In 1870 the telegraph companies' reporting stations in Britain and Ireland were, from north to south, at: Thurso, Wick, Nairn, Aberdeen, Leith, Shields, Scarborough, Yarmouth,  Ardrossan, Greencastle, Holyhead, Liverpool, Valentia, Roche's Point, Pembroke, Scilly, Penzance, Plymouth, Portsmouth, and Dover. To which were added reports from London by the clerks in the Meteorological Department, and from Heart's Content in Newfoundland, provided by the clerks of the Atlantic Telegraph Company and transmitted to London without charge.

The following newspapers eventually published the Department's forecasts by 1870: 'Daily News', 'Echo', 'Express', 'Globe', 'Lloyd's Shipping List', 'Observer', 'Pall Mall Gazette', 'Shipping & Mercantile Gazette', 'Standard' (morning and evening editions) and the 'Times' (1st and 2nd editions).  

There was some disruption when the Post Office took over the telegraphs in that year; its new offices would not accommodate the meteorological instruments and its staff were stopped from providing data. In many instances volunteers, teachers and retired sailors, had to replace the telegraph companies' clerks.

In competition with the Meteorological Department, as a free public service and, more importantly, to draw in passers-by, the Electric Telegraph Company introduced a Wind & Weather Map at its domestic offices in January 1861. This featured twenty-three coast stations each with a small coloured disc attached, on which were printed the points-of-the-compass and indicators of the wind and weather, fine, strong, rain, and so on. The disc had two rotating hands, one red indicating the wind direction, one white showing the state of the weather. Every day at 8am the twenty-three stations telegraphed their wind and weather to the Central Station where the information was collated and distributed to the several offices so that they could adjust the disc symbols on their maps by 10am.

Daily Weather Map

The Daily Weather Map 1861
With local graphic symbols showing the state of the
Barometer, the Wind and the Weather
(Click on image for larger version, click on Previous Page to resume)

The Daily Weather Map Company was promoted in September 1861 as a joint-stock enterprise with a capital of £4,000 from the offices of the 'St James's Chronicle', at 110 Strand, London. It anticipated selling 5,000 maps a day on a subscription of 4s 0d a month or £2 2s a year, collecting by telegraph and printing weather information from sixty-four stations in England and Ireland. It was not simply a map; it was 'The Daily Weather Map, and Journal of News, Literature and Science'. The prospectus announced "Besides the Map, the publication will contain two pages of letterpress, presenting a carefully prepared epitome of the news of the day, foreign and domestic, with original articles upon topics relating to commerce, agriculture, literature, and popular science. In this department the columns of the Weather Map will furnish the means of intercommunication between all classes of scientific public at home and abroad, and provide a medium through which all discoveries can obtain a wide and immediate publicity. It will thus supply what science has long wanted, and the vast increase in the number of its professors and students so amply deserves, a Daily Organ."
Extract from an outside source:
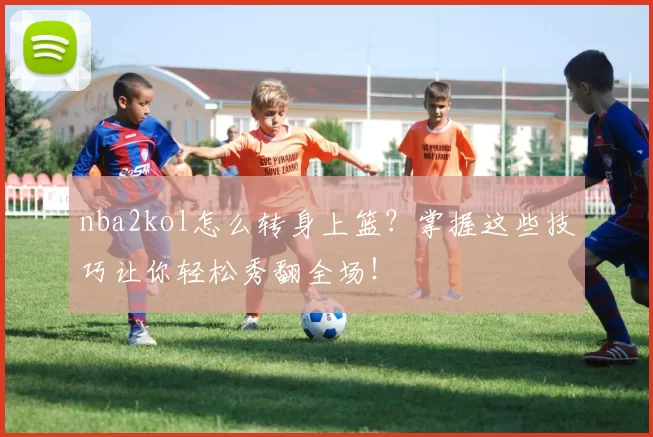 nba2kol怎么转身上篮？掌握这些技巧让你轻松秀翻全场！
The sets of recording instruments were made by the eminent craftsmen, Negretti & Zambra, to the Greenwich standard of quality and distributed to the stations, and the Map engraved. The firm published two Weather Maps using the same ingenious system of circular symbols for each station that the Electric Telegraph Company had introduced at the Great Exhibition, but was unable to reach its break-even circulation of 3,000 or gain sufficient advertising support. It was projected by James Glaisher, Thomas Sopwith, J W Tripe, Nathaniel Beardmore, Henry Perigal and G J Symons, all active members of the British Meteorological Society. The Weather Map was designed by Thomas Sopwith, grandfather of the British aviation pioneer, and the moveable weather symbols made by the printer George Barclay.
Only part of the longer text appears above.